Thermostats: Installing a programmable thermostat to keep air conditioning at 78°F when it’s hot outside and your heating system at 68°F when it’s cold can help save up to 20% in heating and cooling costs–or $100 a year on your energy bill. If every family in the United States did this, we would reduce carbon dioxide by more than 90 billion pounds.
Water Heaters: Water heating accounts for about 13% of home energy costs, so turn your water heater down to 120° or the “Normal” setting when home and to the lowest setting when away. Also consider wrapping your water heater in an insulated blanket. You’ll save 1,000 pounds of carbon dioxide a year.
Light Bulbs: According to climatecrisis.org, energy-saving compact florescent light bulbs (CFL) last 10 times longer than regular incandescent bulbs, use 60% less energy and can save 75% of lighting costs. If every American home replaced five incandescent bulbs with five CFL bulbs, we would save as much as $6.5 billion a year in electricity costs and prevent greenhouse gas emissions equivalent to that from more than eight million cars.
Sprinklers: Use a sprinkler timer. Timers will automatically shut off your sprinkler system after a set period so you don’t have to remember. Also, use sprinklers that emit large drops of water, low and close to the ground (not the sidewalk or street), and water early in the morning. This will ensure that the water soaks into soil instead of evaporating.

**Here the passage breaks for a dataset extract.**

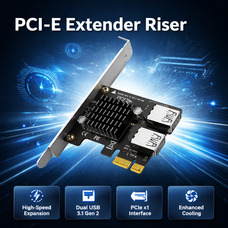 Адаптер PCI-E Extender Riser від 1 до 4 слотів PCI-E 1X для відеокарти, зовнішня карта, адаптер PCI-E для настільного комп'ютера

Green Energy: The decision to switch to green energy (wind or solar-powered) should be made on a cost-by-cost, region-by-region basis. CIBC World Markets reports that buying a solar system can yield homeowners a 6% return on their investment and take 16 years to pay off. Depending on the state you live in, you also may be eligible for a refund or other incentive when you use solar energy.